По пути домой Рабих молчит, а потом заявляет, что устал, отвечает известным «ничего», когда его спрашивают, что случилось, уже в квартире, где все еще пахнет свежей краской, устремляется в каморку с диван-кроватью и с силой захлопывает за собой дверь.
– Ой, да хватит уже! – восклицает она, повышая голос, чтоб ее было слышно. – Скажи по крайней мере, что происходит.
На что он отвечает:
– Да пошла ты! Оставь меня в покое! – Именно так порой звучит страх.
Кирстен заваривает себе чай, потом идет в спальню, настойчиво убеждая себя (не совсем правдиво), что понятия не имеет, с чего это ее молодой муж (который и вправду являл собой странное зрелище в баре «Арка») мог так расстроиться.
Суть обиды обычно составляет горькая микстура из сильного раздражения и столь же сильного желания не общаться по поводу его причин. Надувшимся отчаянно необходимо понимание других, и в то же время они ничего не делают, чтобы получить его. Сама необходимость объяснять становится стержнем обиды: если партнеру требуется разъяснение, то он или она явно тебя не стоит. Мы должны добавить: тем, на кого обращены чувства надувшихся, повезло, это означает, что они уважают вас и настолько верят вам и считают, что вы должны понимать их невысказанную боль. Это один из самых странных даров любви.

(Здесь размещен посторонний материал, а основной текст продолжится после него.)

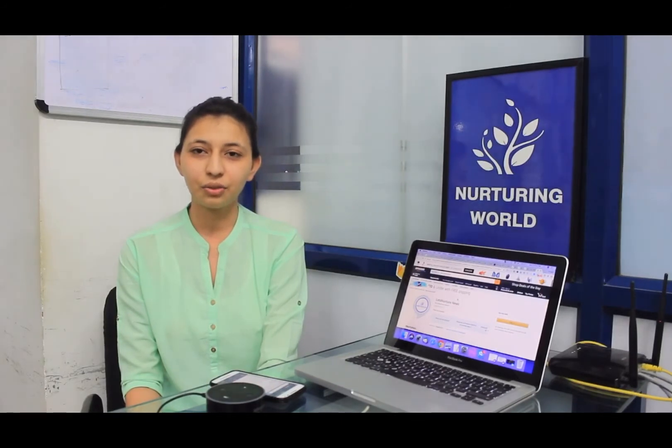Thank you and see you soon. Ok friends, so with this you can get the latest news of Google, Apple, and Dice Nurture. Thank you for watching this video and have a good day.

В конце концов она встает с постели и стучится в дверь каморки. Ее мама всегда говорила, что никогда не стоит ложиться спать в ссоре с мужем. Кирстен все еще уверяет себя, что ничего не понимает.
– Дорогой, ты ведешь себя, как двухлетний ребенок. Я на твоей стороне, ты помнишь? Объясни по крайней мере, что не так.
И внутри узенькой комнатушки, забитой книгами об архитектуре, малыш-переросток поворачивается на диван-кровати и уже ни о чем не может думать, кроме как о том, что он не уступит, – об этом и еще почему-то о том, до чего странно выглядят тисненные серебром слова на переплете книги на ближайшей полке: МИС ВАН ДЕР РОЭ[22]22
Людвиг Мис ван дер Роэ – немецкий архитектор, один из художников, определивших облик городской архитектуры в XX в.
[Закрыть]. Положение, в каком Рабих находится, непривычное. В былых отношениях он всегда упорно старался быть тем, кто беспокоится меньше, однако душевная энергия и твердость Кирстен обрекли его на другую роль. Теперь его черед лежать без сна и переживать. Почему все ее друзья ненавидят его? Что она в них находит? Почему не пришла ему на помощь и не защитила его?
Такие обиды платят дань прекрасному опасному идеалу, который формируется в самом раннем детстве: обещание безусловного понимания. В утробе матери нам никогда не приходилось объяснять. Любая прихоть исполнялась. Все необходимое для нашего комфорта мгновенно предоставлялось. Кое-что из этой идиллии продолжалось в первые годы нашей жизни. Нам незачем было знать о своих нуждах: большие добрые люди думали за нас. Они понимали, что стоит за нашими слезами, невнятным лепетом, смятением, они находили объяснения беспокойства, которое мы были не способны выразить словами.
Возможно, поэтому, ведя совместную жизнь, даже самые красноречивые из нас, взрослых, могут инстинктивно предпочесть не озвучивать всего, что волнует, когда наши партнеры рискуют не понять нас как следует. Только обмен мыслями может восприниматься как верный знак, что наш партнер именно тот человек, которому можно довериться. Только когда нам нет необходимости объяснять, мы способны ощущать, что нас действительно понимают.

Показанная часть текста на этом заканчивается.